The public polls include too many Democrats in their samples, the group argues in email after email to its adherents. There’s also the argument that many public polls survey among registered voters rather than winnowing their samples to include only likely voters.
Using registered voters, both the daily Rasmussen Reports and Gallup tracking polls have shown Obama with a slight national lead for the last six weeks and larger leads in some swing states, most notably Ohio and Wisconsin, where his edge in the surveys has ranged as high as 12 percent.
Neither the current Republican gripes nor similar ones by Democrats during the George W. Bush election years explain why public polls, whose very survival as businesses depends on accuracy, would deliberately skew their samples to favor one party or the other. If any public poll develops a reputation for inaccuracy, push-polling or favoritism, that poll will quickly disappear.

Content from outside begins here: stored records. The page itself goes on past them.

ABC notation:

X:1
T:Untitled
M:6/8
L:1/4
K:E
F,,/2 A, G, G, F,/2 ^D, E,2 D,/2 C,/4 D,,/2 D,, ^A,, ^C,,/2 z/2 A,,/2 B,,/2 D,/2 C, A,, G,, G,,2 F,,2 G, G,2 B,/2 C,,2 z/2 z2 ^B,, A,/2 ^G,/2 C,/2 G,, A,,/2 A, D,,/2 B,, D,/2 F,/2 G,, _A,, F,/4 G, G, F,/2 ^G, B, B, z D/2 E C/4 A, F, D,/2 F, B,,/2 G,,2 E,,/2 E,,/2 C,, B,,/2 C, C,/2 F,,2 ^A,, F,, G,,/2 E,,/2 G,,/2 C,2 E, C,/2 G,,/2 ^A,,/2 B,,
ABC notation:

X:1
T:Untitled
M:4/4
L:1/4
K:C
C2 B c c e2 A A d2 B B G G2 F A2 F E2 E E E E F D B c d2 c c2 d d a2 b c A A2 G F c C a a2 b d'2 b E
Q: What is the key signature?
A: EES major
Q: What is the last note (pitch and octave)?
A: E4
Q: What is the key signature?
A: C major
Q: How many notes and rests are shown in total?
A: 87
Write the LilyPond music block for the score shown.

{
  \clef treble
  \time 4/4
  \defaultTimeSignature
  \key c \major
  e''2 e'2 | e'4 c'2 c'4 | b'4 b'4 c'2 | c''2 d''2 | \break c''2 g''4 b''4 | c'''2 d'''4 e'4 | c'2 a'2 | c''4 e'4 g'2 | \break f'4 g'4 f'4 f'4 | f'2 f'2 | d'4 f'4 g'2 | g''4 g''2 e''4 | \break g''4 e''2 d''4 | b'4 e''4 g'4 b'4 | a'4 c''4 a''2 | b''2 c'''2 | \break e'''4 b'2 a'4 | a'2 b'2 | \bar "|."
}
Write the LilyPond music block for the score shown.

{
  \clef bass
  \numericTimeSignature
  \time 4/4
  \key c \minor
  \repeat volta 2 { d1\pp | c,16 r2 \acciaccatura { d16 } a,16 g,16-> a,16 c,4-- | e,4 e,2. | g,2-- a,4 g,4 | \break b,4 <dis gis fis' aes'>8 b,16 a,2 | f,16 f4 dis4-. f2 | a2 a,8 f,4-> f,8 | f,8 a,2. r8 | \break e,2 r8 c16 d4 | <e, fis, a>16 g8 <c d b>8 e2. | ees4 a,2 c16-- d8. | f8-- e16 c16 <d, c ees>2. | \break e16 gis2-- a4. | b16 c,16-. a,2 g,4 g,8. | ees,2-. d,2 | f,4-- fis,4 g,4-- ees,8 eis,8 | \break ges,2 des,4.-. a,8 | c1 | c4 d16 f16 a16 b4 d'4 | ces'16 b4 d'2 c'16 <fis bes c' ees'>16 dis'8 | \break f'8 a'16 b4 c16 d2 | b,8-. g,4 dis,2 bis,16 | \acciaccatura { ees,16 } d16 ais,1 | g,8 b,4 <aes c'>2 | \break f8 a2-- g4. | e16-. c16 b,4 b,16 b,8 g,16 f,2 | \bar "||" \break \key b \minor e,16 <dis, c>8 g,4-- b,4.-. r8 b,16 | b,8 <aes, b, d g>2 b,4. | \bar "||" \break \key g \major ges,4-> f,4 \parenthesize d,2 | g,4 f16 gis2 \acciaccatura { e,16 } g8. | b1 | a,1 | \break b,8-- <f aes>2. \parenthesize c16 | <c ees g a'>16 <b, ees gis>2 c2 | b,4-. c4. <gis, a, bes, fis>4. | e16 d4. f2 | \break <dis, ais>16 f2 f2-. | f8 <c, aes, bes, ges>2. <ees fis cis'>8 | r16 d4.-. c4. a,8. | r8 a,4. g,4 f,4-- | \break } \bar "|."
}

Says Jay Leve, director of the New Jersey-based Survey USA firm whose polls are paid for and used by many California television outlets, “(The complaints) are an assault on the integrity of an entire profession and I find it repugnant, as should any thinking person.”
As a rule, private polls run by campaigns provide somewhat more detailed information than public ones, but plenty of detail can still be gleaned from analyzing the results of public surveys like Reuters-Ipsos (http://www.ipsos-na.com/news-polls/pressrelease.aspx?id=5764), which polls for several newspaper and television outlets.
One Reuters-Ipsos poll taken between Sept. 7 and Sept. 10, for example, found Obama ahead nationally by 48-45 percent among registered voters. It used a sample including 38 percent who leaned Republican and 42 percent leaning Democratic, which Republican complainers instantly said was responsible for the poll’s result. But the sample also showed 51 percent of those responding identified with at least some of the tea party’s conservative message. And other national surveys indicate slightly more voters identify themselves as Democratic; hence slightly more Democratic leaners in the sample.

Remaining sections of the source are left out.